(Given information Opens)
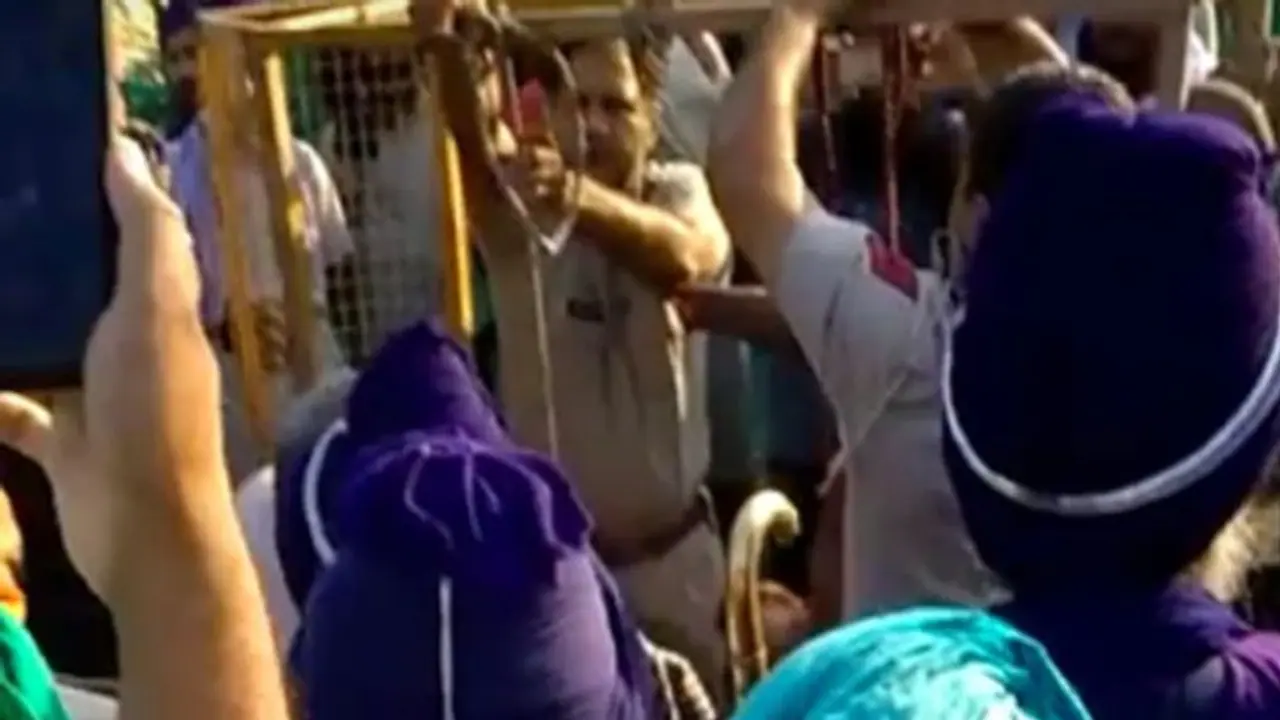 ದಲಿತ ಸಿಖ್ ಕಾರ್ಮಿಕನ ಕೈ ಕತ್ತರಿಸಿ ನೇತು ಹಾಕಿದರು! ದಲಿತ ಸಿಖ್ ಕಾರ್ಮಿಕನ ಕೈ ಕತ್ತರಿಸಿ ನೇತು ಹಾಕಿದರು!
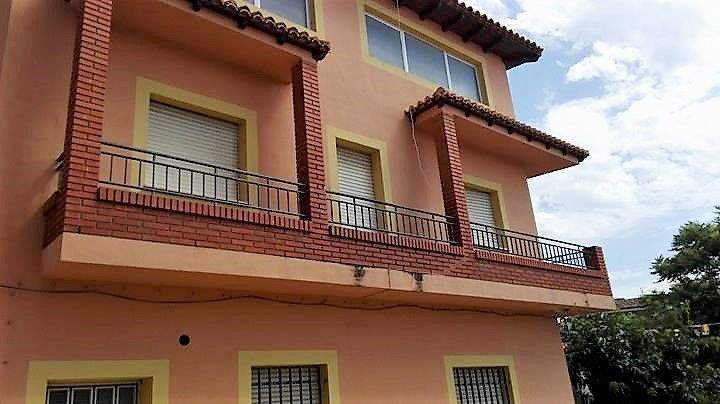 Exterior view of House or chalet for sale in Talayuelas  with Terrace and Balcony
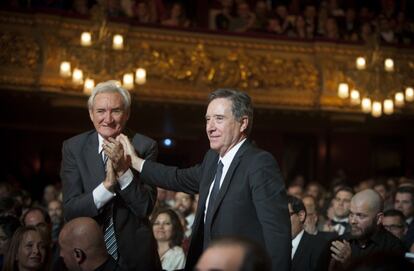 Los periodistas Luis del Olmo e Iñaki Gabilondo, candidatos al premio al mejor comunicador, durante la gala.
(Given information Closes)
* Exercise
Without the pictures, give every line above again exactly.

* Exercise solution
 ದಲಿತ ಸಿಖ್ ಕಾರ್ಮಿಕನ ಕೈ ಕತ್ತರಿಸಿ ನೇತು ಹಾಕಿದರು! ದಲಿತ ಸಿಖ್ ಕಾರ್ಮಿಕನ ಕೈ ಕತ್ತರಿಸಿ ನೇತು ಹಾಕಿದರು!
 Exterior view of House or chalet for sale in Talayuelas  with Terrace and Balcony
 Los periodistas Luis del Olmo e Iñaki Gabilondo, candidatos al premio al mejor comunicador, durante la gala.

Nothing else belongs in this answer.